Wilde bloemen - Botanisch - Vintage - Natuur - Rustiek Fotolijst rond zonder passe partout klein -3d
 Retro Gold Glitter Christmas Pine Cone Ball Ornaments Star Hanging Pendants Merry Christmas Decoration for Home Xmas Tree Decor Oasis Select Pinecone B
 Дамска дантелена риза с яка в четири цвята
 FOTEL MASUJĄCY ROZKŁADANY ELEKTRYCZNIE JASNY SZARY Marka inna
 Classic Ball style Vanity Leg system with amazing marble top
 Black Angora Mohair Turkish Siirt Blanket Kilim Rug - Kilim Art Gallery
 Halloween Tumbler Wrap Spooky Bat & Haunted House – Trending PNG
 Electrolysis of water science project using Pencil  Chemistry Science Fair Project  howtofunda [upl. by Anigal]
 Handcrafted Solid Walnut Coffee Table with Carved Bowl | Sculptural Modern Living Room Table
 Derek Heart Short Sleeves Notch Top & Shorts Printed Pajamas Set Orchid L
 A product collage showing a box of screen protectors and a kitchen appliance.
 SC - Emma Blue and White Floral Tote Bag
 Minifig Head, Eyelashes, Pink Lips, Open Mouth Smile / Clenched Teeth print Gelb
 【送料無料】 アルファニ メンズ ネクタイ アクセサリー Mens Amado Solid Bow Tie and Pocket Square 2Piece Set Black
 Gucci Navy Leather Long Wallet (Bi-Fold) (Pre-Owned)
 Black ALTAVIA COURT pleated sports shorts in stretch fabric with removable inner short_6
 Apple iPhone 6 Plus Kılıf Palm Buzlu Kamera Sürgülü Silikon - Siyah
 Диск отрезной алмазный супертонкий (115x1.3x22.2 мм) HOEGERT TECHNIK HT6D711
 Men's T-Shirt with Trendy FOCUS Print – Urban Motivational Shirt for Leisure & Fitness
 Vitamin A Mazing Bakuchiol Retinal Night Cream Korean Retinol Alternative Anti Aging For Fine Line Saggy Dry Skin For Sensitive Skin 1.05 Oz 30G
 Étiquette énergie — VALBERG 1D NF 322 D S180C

⁂

> _Task instructions_
Give back the material above exactly as it was given.

> _Output below_
Wilde bloemen - Botanisch - Vintage - Natuur - Rustiek Fotolijst rond zonder passe partout klein -3d
 Retro Gold Glitter Christmas Pine Cone Ball Ornaments Star Hanging Pendants Merry Christmas Decoration for Home Xmas Tree Decor Oasis Select Pinecone B
 Дамска дантелена риза с яка в четири цвята
 FOTEL MASUJĄCY ROZKŁADANY ELEKTRYCZNIE JASNY SZARY Marka inna
 Classic Ball style Vanity Leg system with amazing marble top
 Black Angora Mohair Turkish Siirt Blanket Kilim Rug - Kilim Art Gallery
 Halloween Tumbler Wrap Spooky Bat & Haunted House – Trending PNG
 Electrolysis of water science project using Pencil  Chemistry Science Fair Project  howtofunda [upl. by Anigal]
 Handcrafted Solid Walnut Coffee Table with Carved Bowl | Sculptural Modern Living Room Table
 Derek Heart Short Sleeves Notch Top & Shorts Printed Pajamas Set Orchid L
 A product collage showing a box of screen protectors and a kitchen appliance.
 SC - Emma Blue and White Floral Tote Bag
 Minifig Head, Eyelashes, Pink Lips, Open Mouth Smile / Clenched Teeth print Gelb
 【送料無料】 アルファニ メンズ ネクタイ アクセサリー Mens Amado Solid Bow Tie and Pocket Square 2Piece Set Black
 Gucci Navy Leather Long Wallet (Bi-Fold) (Pre-Owned)
 Black ALTAVIA COURT pleated sports shorts in stretch fabric with removable inner short_6
 Apple iPhone 6 Plus Kılıf Palm Buzlu Kamera Sürgülü Silikon - Siyah
 Диск отрезной алмазный супертонкий (115x1.3x22.2 мм) HOEGERT TECHNIK HT6D711
 Men's T-Shirt with Trendy FOCUS Print – Urban Motivational Shirt for Leisure & Fitness
 Vitamin A Mazing Bakuchiol Retinal Night Cream Korean Retinol Alternative Anti Aging For Fine Line Saggy Dry Skin For Sensitive Skin 1.05 Oz 30G
 Étiquette énergie — VALBERG 1D NF 322 D S180C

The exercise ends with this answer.